(DATA PROVIDED)
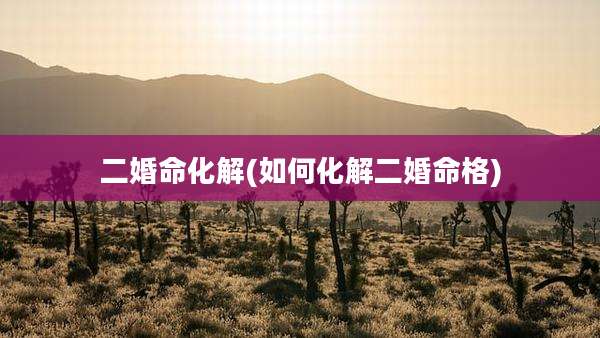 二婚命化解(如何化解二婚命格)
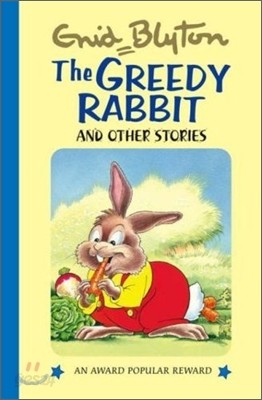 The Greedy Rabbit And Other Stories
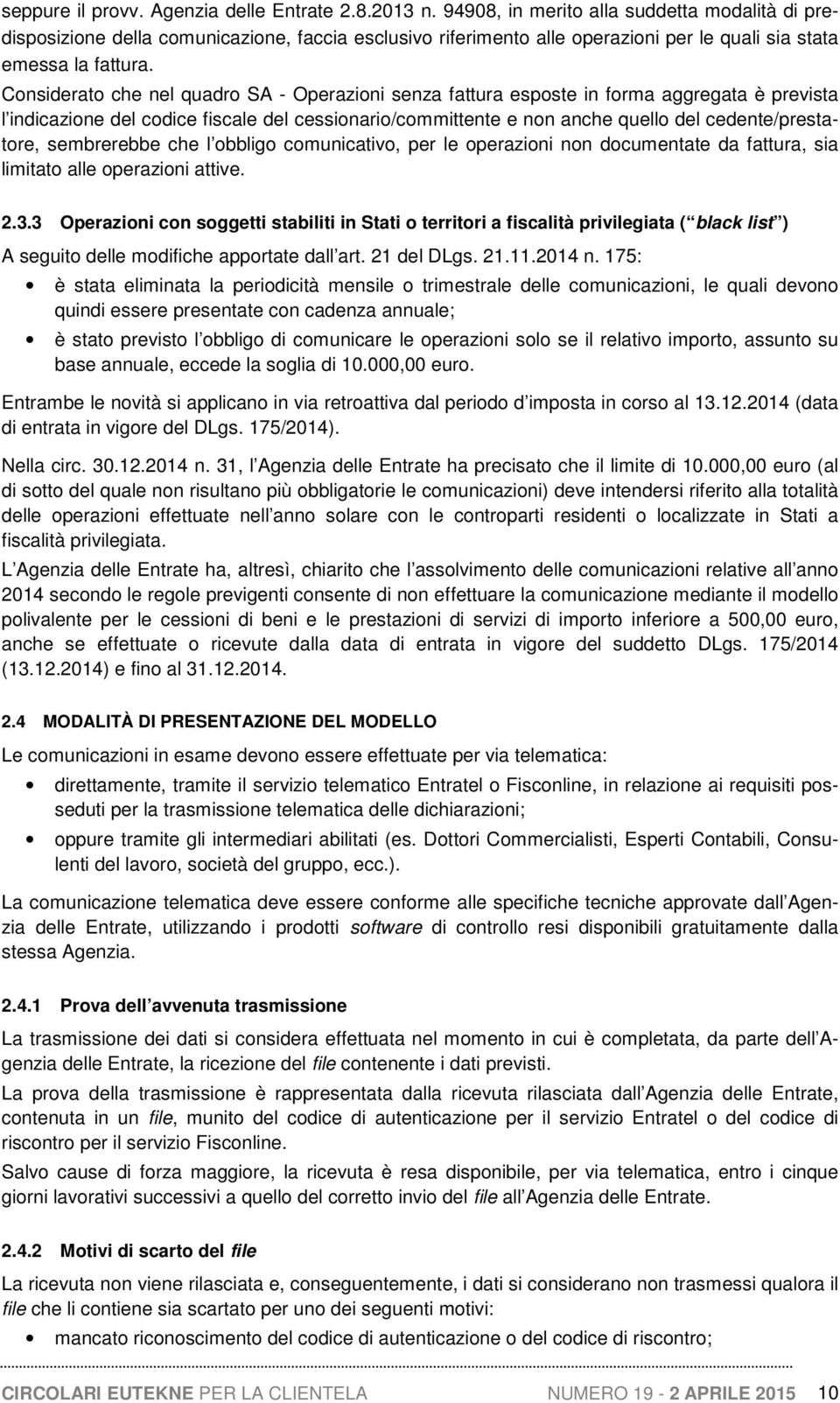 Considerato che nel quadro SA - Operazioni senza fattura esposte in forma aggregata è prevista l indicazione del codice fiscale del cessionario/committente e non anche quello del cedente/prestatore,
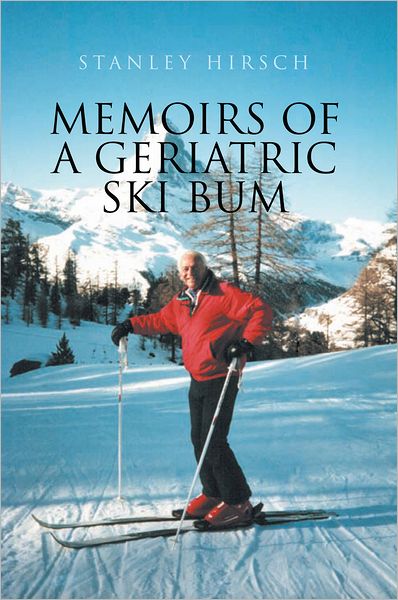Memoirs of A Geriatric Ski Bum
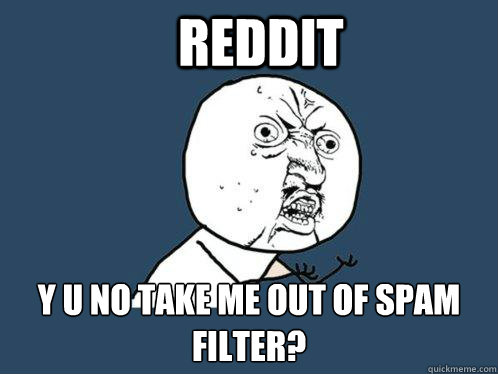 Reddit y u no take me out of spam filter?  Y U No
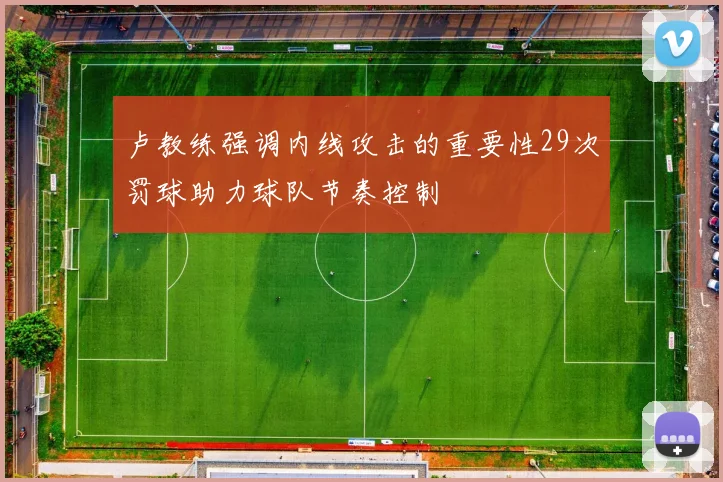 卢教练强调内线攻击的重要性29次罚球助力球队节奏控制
(End DATA PROVIDED)
Should there be pictures in the data, leave them out and return the rest exactly.

# ANSWER SECTION
 二婚命化解(如何化解二婚命格)
 The Greedy Rabbit And Other Stories
 Considerato che nel quadro SA - Operazioni senza fattura esposte in forma aggregata è prevista l indicazione del codice fiscale del cessionario/committente e non anche quello del cedente/prestatore,
Memoirs of A Geriatric Ski Bum
 Reddit y u no take me out of spam filter?  Y U No
 卢教练强调内线攻击的重要性29次罚球助力球队节奏控制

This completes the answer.